Preferred Return (Hurdle Rate)

The minimum return LPs receive before GPs earn carry — typically 8% annual for Indian VC funds. Below this hurdle, GPs receive no carry; above it, GPs earn 20% of additional profits.

By Amit Tyagi, Fitoor Capital · AletheiaAI Glossary

Definition

Preferred Return (or hurdle rate) is the minimum return LPs receive before GPs earn carried interest. In standard VC fund structures, LPs receive their capital back plus an 8% annual return; only profits beyond this hurdle flow to GP carry.

Two structures: 'soft hurdle' (GP earns full 20% once hurdle is cleared); 'hard hurdle' (GP earns 20% only of the portion above hurdle).

India Context

Indian VC funds typically use 8% preferred return with soft hurdle ('catch-up' structure).
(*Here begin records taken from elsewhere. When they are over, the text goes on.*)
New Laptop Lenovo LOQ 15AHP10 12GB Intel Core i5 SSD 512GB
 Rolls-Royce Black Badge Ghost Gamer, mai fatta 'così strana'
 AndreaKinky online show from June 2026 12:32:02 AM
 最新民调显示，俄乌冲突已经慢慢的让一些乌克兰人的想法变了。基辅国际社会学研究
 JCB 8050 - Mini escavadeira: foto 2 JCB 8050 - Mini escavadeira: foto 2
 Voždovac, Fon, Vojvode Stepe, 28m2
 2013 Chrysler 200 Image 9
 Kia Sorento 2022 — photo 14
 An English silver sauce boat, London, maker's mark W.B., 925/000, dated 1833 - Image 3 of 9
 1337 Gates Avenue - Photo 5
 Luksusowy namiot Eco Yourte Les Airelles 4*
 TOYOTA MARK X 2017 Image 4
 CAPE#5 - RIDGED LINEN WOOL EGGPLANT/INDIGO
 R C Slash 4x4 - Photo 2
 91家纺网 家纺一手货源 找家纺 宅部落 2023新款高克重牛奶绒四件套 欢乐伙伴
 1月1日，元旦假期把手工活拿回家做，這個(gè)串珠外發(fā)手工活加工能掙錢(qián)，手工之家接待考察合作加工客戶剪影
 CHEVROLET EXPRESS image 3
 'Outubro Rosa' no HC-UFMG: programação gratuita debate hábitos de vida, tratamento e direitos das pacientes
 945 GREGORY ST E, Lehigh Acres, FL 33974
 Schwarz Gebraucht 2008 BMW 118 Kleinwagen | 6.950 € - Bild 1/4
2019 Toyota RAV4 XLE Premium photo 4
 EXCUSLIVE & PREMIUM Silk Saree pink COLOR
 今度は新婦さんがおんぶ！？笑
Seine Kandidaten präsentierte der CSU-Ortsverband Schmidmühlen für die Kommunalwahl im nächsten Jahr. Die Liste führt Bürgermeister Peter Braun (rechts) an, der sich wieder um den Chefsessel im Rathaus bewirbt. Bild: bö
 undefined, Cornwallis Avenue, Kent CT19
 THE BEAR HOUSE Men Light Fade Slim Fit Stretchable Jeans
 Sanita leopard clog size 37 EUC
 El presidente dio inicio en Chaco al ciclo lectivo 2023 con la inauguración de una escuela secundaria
Some Indian secondary and growth funds use hard hurdles or higher hurdles (12-15%) reflecting different risk profiles.

Example

A ₹500Cr fund returns ₹1,500Cr over 10 years. Hurdle = 8% × ₹500Cr × 10 = ₹400Cr equivalent (₹900Cr total to LPs). Soft hurdle: GP gets 20% of all profits ₹600Cr+ = ₹120Cr carry; LPs get rest. Hard hurdle: GP gets 20% of (₹1,500Cr - ₹900Cr) = ₹120Cr — same in this case, differs at lower returns.